We think this works best for enterprises with dedicated IT resources who can invest time in setup. The AI features pay off once you’re past initial configuration. MacBook support has gaps with newer OS versions, something to verify if Apple devices dominate your fleet.
ManageEngine Mobile Device Manager Plus is an MDM solution covering device, app, and security management across one of the broadest device ranges in its category. It targets enterprises needing extensive control over large, mixed-OS fleets, with a free tier available for smaller teams managing up to 25 devices.
Deep Control Across Every Layer of Device Management
We found the remote troubleshooting capability is where this platform earns its place in enterprise environments. You get full unattended access, screen viewing, chat, restart, wipe, and shutdown from a single console, which cuts resolution time significantly compared to tools that require physical access or separate remote support software.
App management goes beyond basic distribution. Kiosk Mode locks devices to authorized apps only, and work/personal app separation keeps corporate data containerized without restricting personal use. The drag-and-drop report builder lets you schedule automated reports in PDF, CSV, and XLS formats without writing queries or involving a developer.
Device support runs wide: Android, Windows, ChromeOS, iOS, iPadOS, macOS, tvOS, IoT, and more. Policy configuration covers peripheral settings, VPN, data encryption, role-based access controls, single sign-on, and third-party backup restrictions.
What Customers Are Saying
Users highlight the intuitive interface and remote control capabilities as standout strengths. The breadth of supported device types is consistently noted as a differentiator. Some users report that complex policy configurations require significant customization to implement correctly.
Who Should Consider It
We think this fits enterprises managing large, mixed-OS device fleets that need granular control over apps, policies, and remote troubleshooting in one platform. Small businesses can start with the free 25-device tier and scale up. If your environment is relatively uniform or your MDM requirements are lightweight, the depth of configuration here will exceed what you need.
Microsoft Intune is a cloud-based unified endpoint management platform built for organizations already invested in the Microsoft ecosystem. If you’re running M365, Azure AD, and Defender, this slots right in.
We found the real value here is how tightly Intune connects with Conditional Access, Defender for Endpoint, and Purview. You’re not bolting on another tool. You’re extending what you already have. The granular configuration options let you align policies precisely with your security requirements across Windows, iOS, alongside Android and shared devices.
Autopilot stands out for zero-touch deployment. New devices get configured and enrolled without IT manually imaging anything. For organizations with BYOD policies or hybrid workforces, this removes significant friction.

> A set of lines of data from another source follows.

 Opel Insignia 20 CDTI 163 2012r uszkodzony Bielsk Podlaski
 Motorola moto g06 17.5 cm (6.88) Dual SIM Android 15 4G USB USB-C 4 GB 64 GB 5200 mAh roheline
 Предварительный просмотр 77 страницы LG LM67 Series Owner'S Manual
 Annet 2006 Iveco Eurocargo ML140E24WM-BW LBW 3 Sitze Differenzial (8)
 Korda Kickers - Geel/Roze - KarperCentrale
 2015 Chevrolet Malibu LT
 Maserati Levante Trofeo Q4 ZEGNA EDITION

Users consistently flag slow device syncs and action delays. When you push a policy, you might wait longer than expected to confirm it landed. Reporting feels incomplete out of the box. The standard Power BI integration gives you high-level data, but getting detailed device inventory requires extra work.

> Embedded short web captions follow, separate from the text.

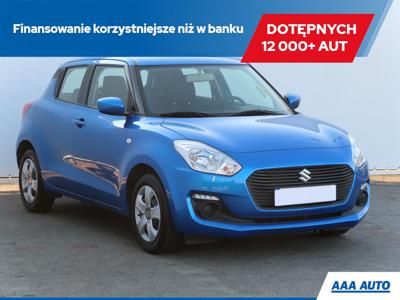 Suzuki Swift VI Hatchback 1.2 DualJet 90KM 2017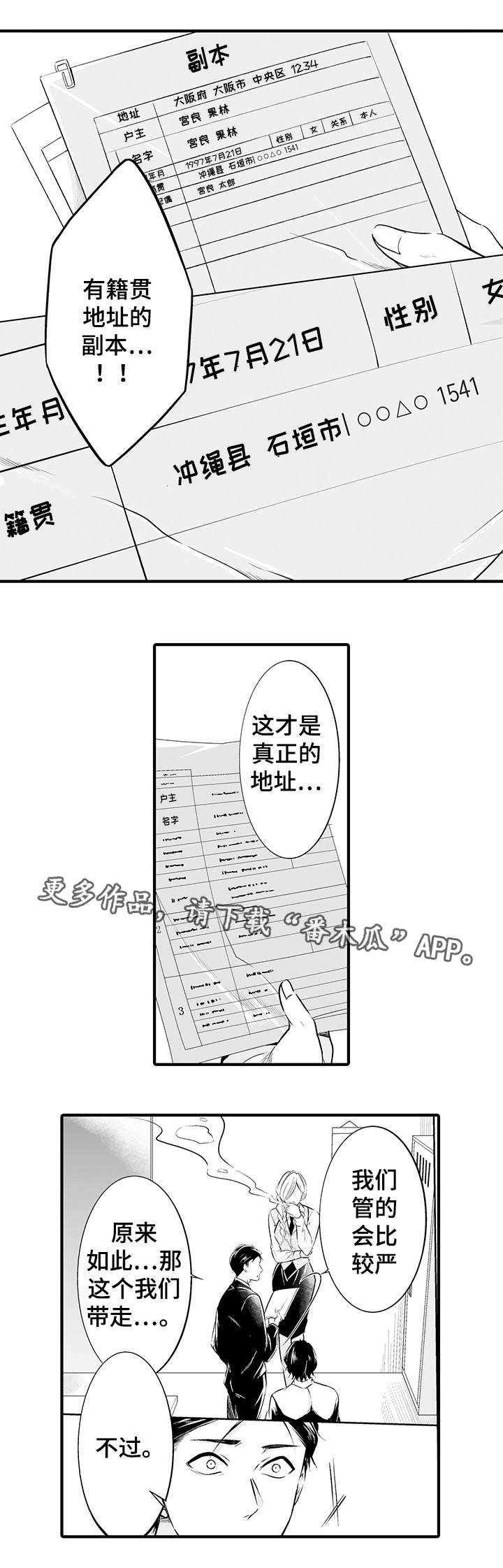 《我的独角戏》漫画最新章节第11章找到了免费下拉式在线观看章节第【6】张图片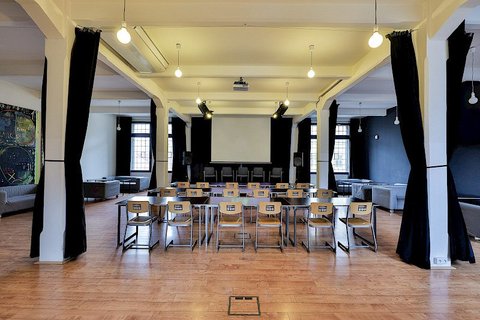 Second Culture - Multifunkční sál - náhled 6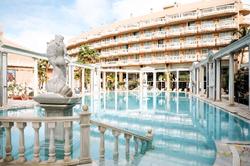 Cleopatra Palace Hotel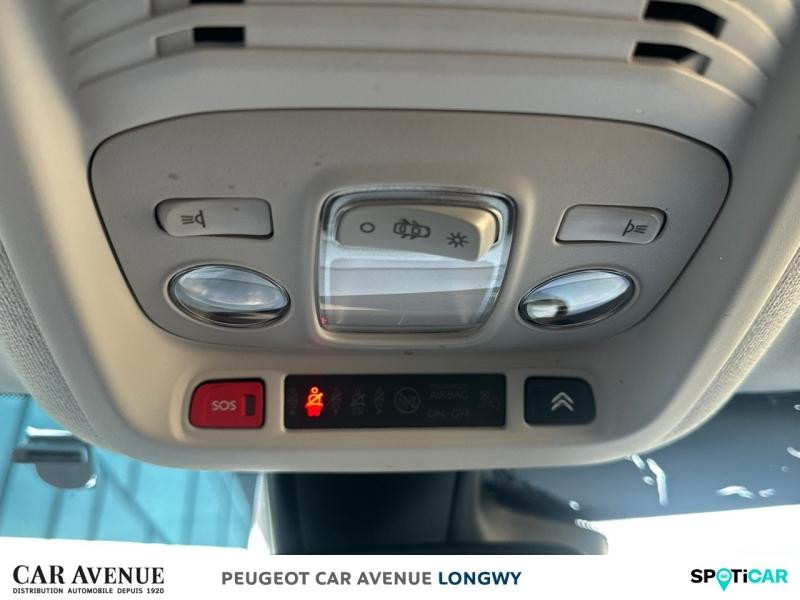 Occasion CITROEN C3 Aircross PureTech 110ch S&S Shine E6.d 2019 Cosmic Silver (M) 10490 € à Longwy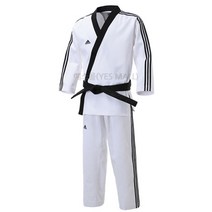 Adidas 3선 그랜드마스터 오픈도복 3S GRAND MASTER 선수용 시합용 태권도복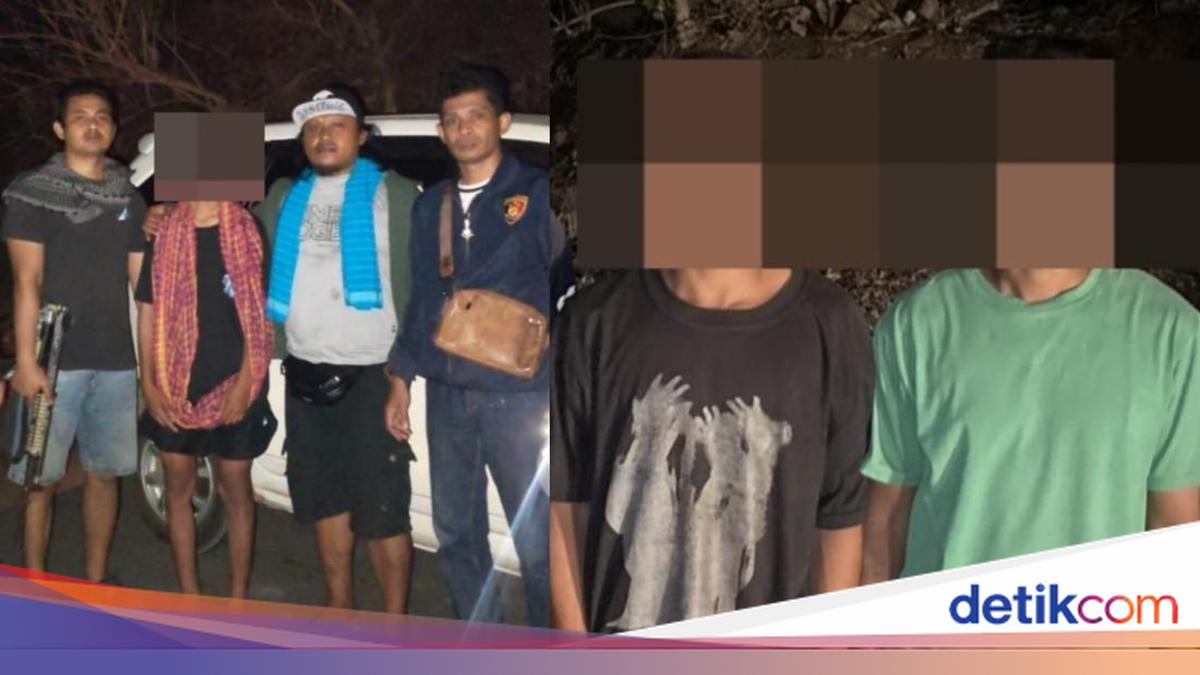 Polres Bima Kota Ringkus 3 Terduga Pembacok Pemuda saat Nonton Voli, 1 Tewas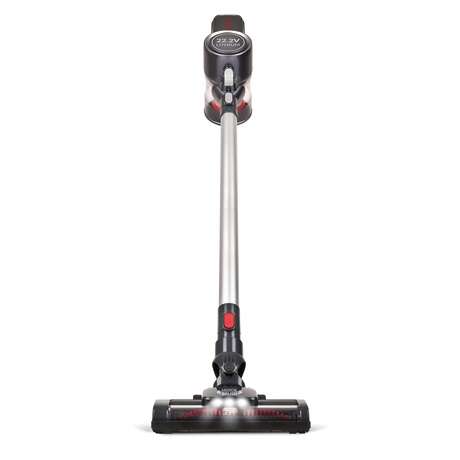 Girmi AP91 Vezeték nélküli álló Porszívó 120W, Fekete-Szürke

Troubleshooting capabilities are limited when things break. Log gathering isn’t intuitive, and Azure outages directly impact your ability to manage endpoints.

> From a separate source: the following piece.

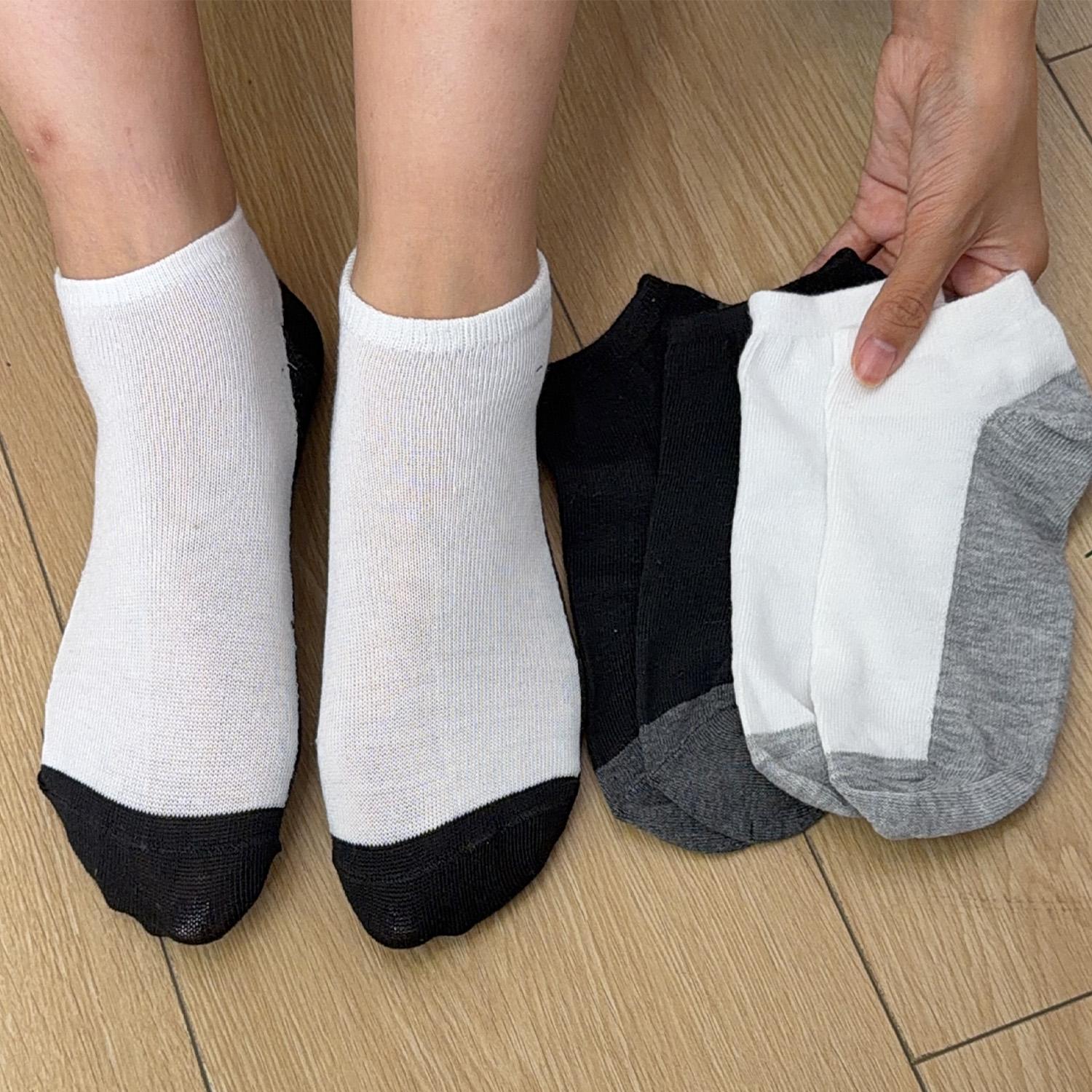 Letnie cienkie skarpetki do ko – Ankle Sock Low Cut recenzja i cena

If you’re not already deep in the Microsoft ecosystem, we think you should look elsewhere. The value proposition depends heavily on that the integration. But for M365 organizations, the total cost of ownership and centralized management make this hard to beat. Pricing runs $4-10 per user monthly depending on your tier. The learning curve is steep, but the payoff is real once your team gets comfortable.
Rippling combines HR, IT, and device management into a single platform where employee data drives everything else. It’s built for organizations that want their identity, access, and device policies to automatically adjust when someone joins, changes roles, or leaves.
The standout here is how employee context flows through the system. When someone moves from engineering to sales, their device configuration, app access, and security policies update automatically. We found this eliminates the manual IT tickets that pile up during reorgs.
Device setup is hands-off. Ship a laptop directly to a new hire, and it configures itself based on their role, department, and location. The platform handles Apple and Windows equally well, not the usual afterthought support for one or the other.
Users consistently praise the unified approach. Having HR, payroll, and device management share the same data source eliminates the sync issues that plague multi-tool setups. The pre-built compliance templates for SOC 2 and ISO 27001 save teams significant documentation time.
If you’re US, Canada, or UK-based, the physical device logistics are compelling, ordering, shipping, retrieval, and warehousing without vendor management. Outside those regions, you lose this advantage.
Scalefusion is a unified endpoint management platform built for organizations juggling mixed device fleets across Android, iOS, macOS, Windows, and Linux. It’s particularly strong for retail, alongside education and field operations where you need tight control without heavy IT overhead.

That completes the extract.